- _Instructions to follow_:
Leave out every picture, and return exactly the lines from the line containing "With that in" through the end of the records below, both inclusive.

- _Input data_:
*** Block opens ***

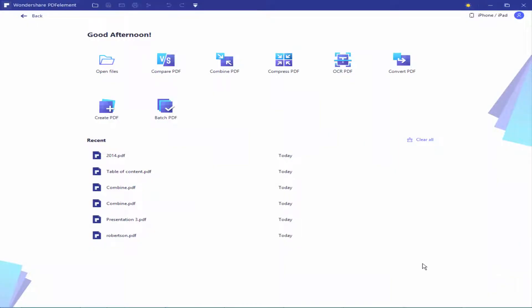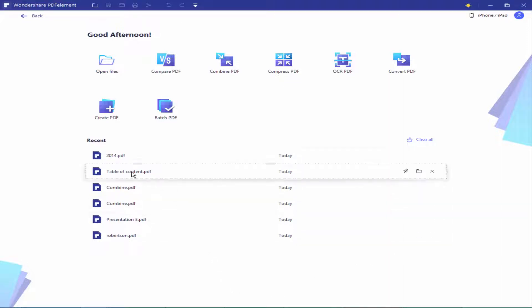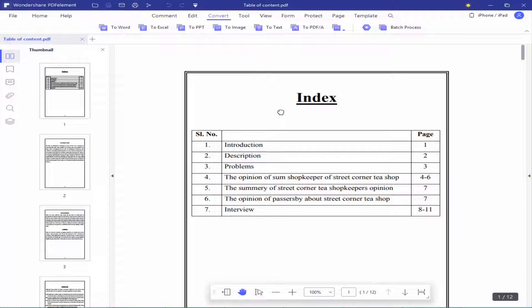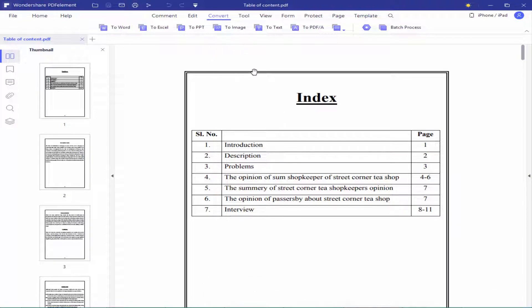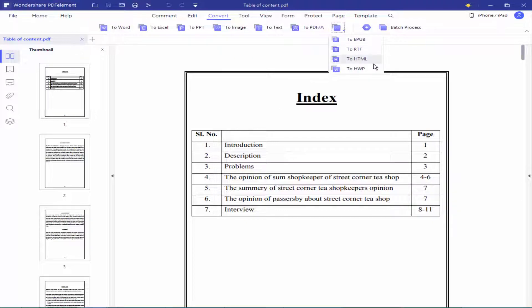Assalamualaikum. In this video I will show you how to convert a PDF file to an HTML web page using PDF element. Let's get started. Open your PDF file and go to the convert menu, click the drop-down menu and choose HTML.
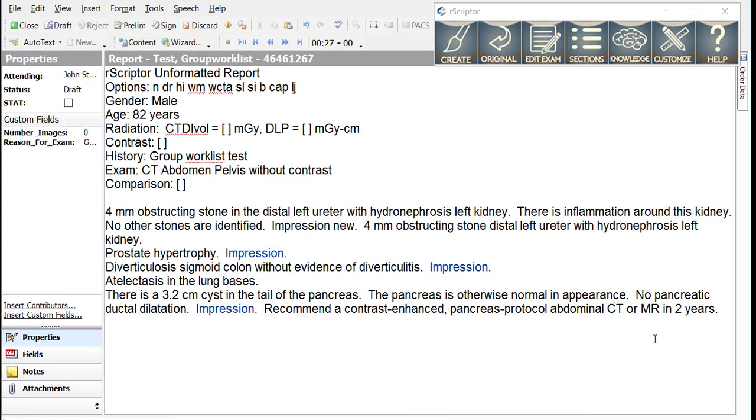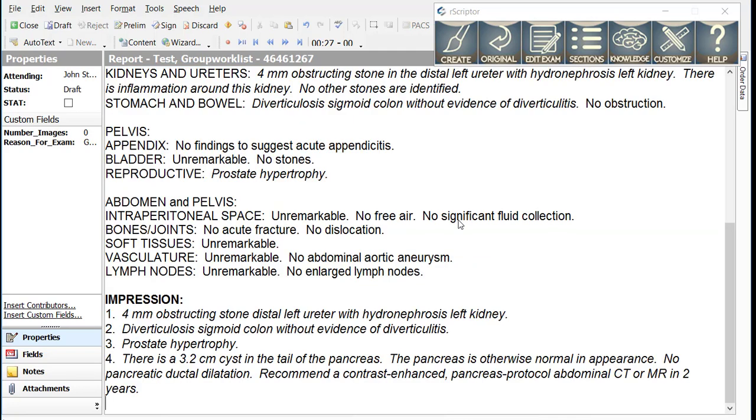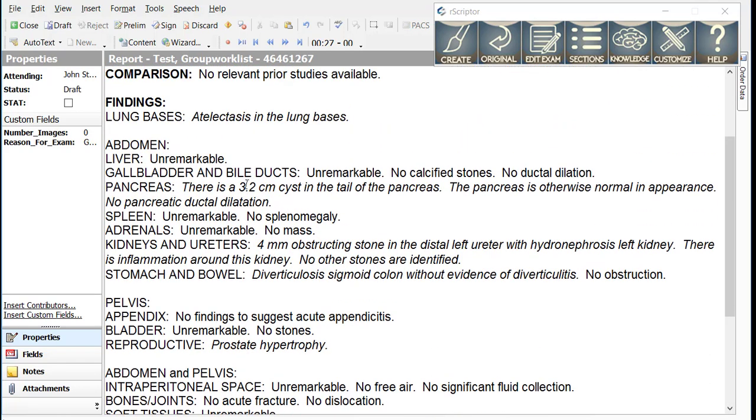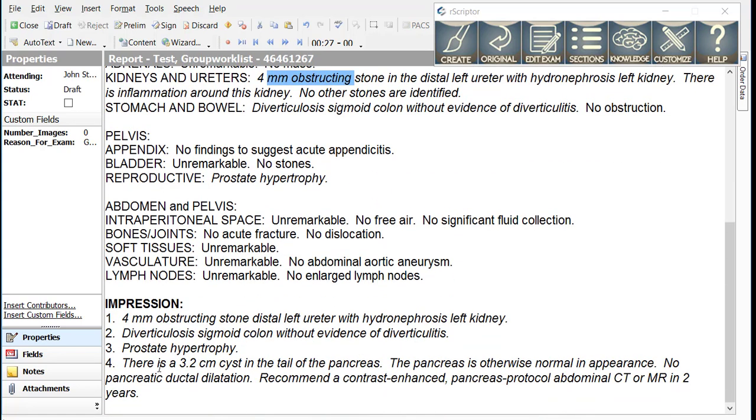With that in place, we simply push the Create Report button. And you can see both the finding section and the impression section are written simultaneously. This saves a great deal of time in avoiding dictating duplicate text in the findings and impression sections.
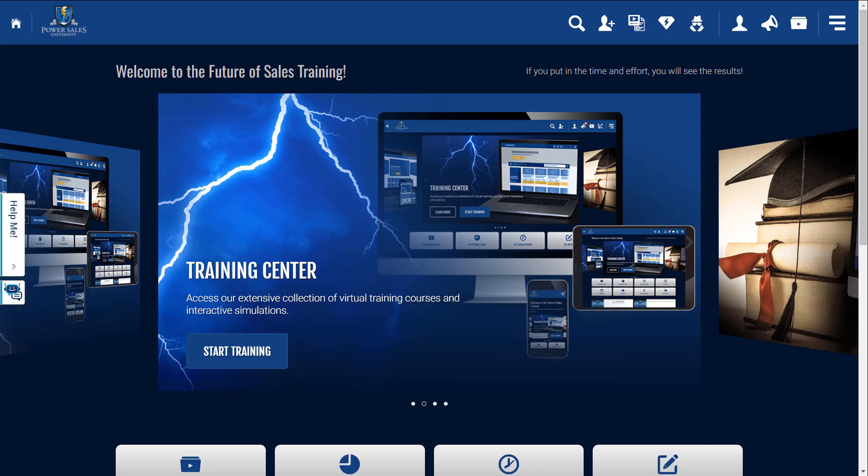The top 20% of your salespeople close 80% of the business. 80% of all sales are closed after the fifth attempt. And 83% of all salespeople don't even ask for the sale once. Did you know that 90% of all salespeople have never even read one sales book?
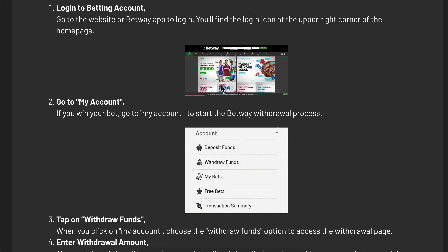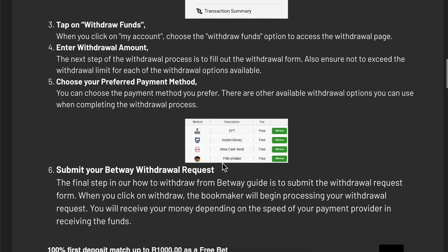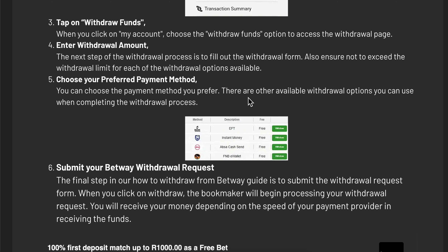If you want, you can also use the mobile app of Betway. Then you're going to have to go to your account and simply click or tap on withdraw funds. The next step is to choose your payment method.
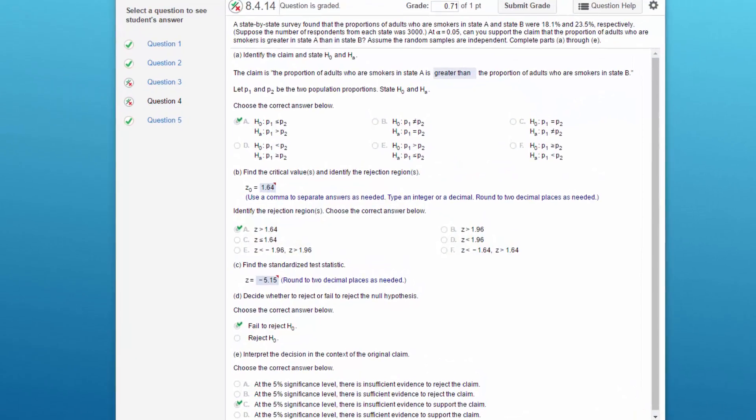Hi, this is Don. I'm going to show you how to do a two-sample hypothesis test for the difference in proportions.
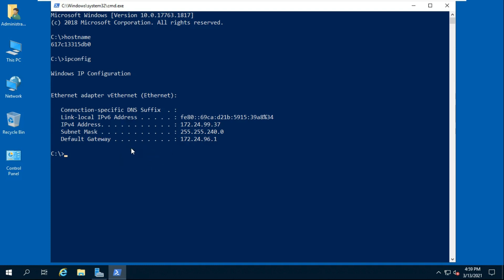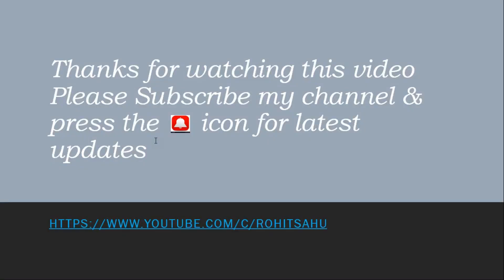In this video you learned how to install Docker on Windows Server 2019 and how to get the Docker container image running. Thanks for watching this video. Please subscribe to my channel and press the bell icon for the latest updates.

*** Block closes ***

- _Response below_:
With that in place, we simply push the Create Report button. And you can see both the finding section and the impression section are written simultaneously. This saves a great deal of time in avoiding dictating duplicate text in the findings and impression sections.
The top 20% of your salespeople close 80% of the business. 80% of all sales are closed after the fifth attempt. And 83% of all salespeople don't even ask for the sale once. Did you know that 90% of all salespeople have never even read one sales book?
If you want, you can also use the mobile app of Betway. Then you're going to have to go to your account and simply click or tap on withdraw funds. The next step is to choose your payment method.
Hi, this is Don. I'm going to show you how to do a two-sample hypothesis test for the difference in proportions.
In this video you learned how to install Docker on Windows Server 2019 and how to get the Docker container image running. Thanks for watching this video. Please subscribe to my channel and press the bell icon for the latest updates.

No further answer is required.